INFORMATION PROVIDED section start
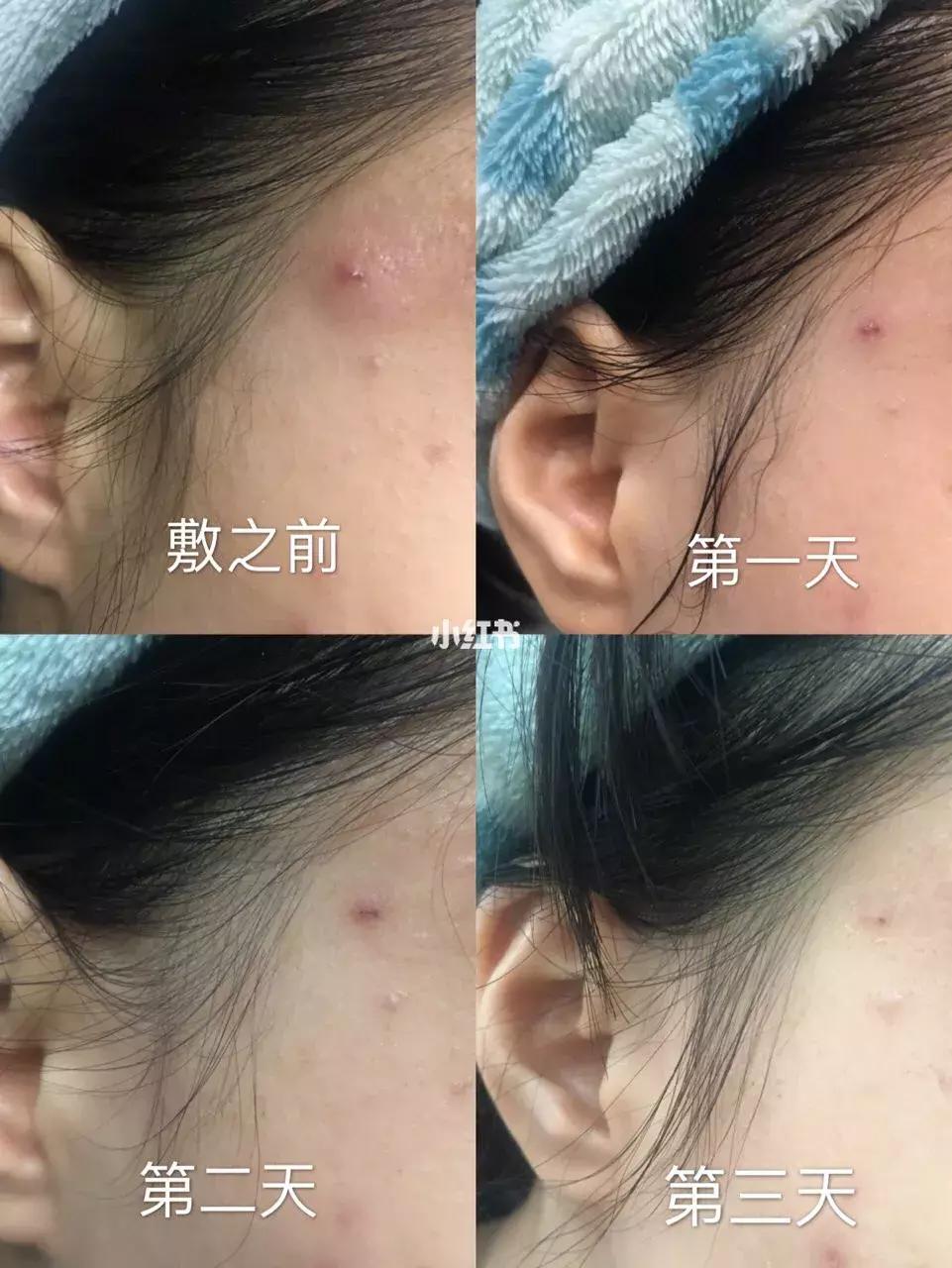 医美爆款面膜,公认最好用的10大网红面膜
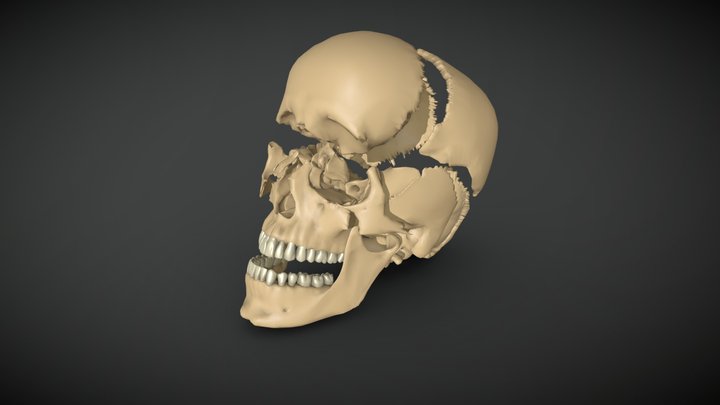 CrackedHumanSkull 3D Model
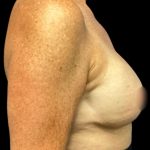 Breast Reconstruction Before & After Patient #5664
INFORMATION PROVIDED section end
▶ [EXERCISE DESCRIPTION] Take the data above and set it down exactly, images excluded.

▶ [COMPLETED TASK]
 医美爆款面膜,公认最好用的10大网红面膜
 CrackedHumanSkull 3D Model
 Breast Reconstruction Before & After Patient #5664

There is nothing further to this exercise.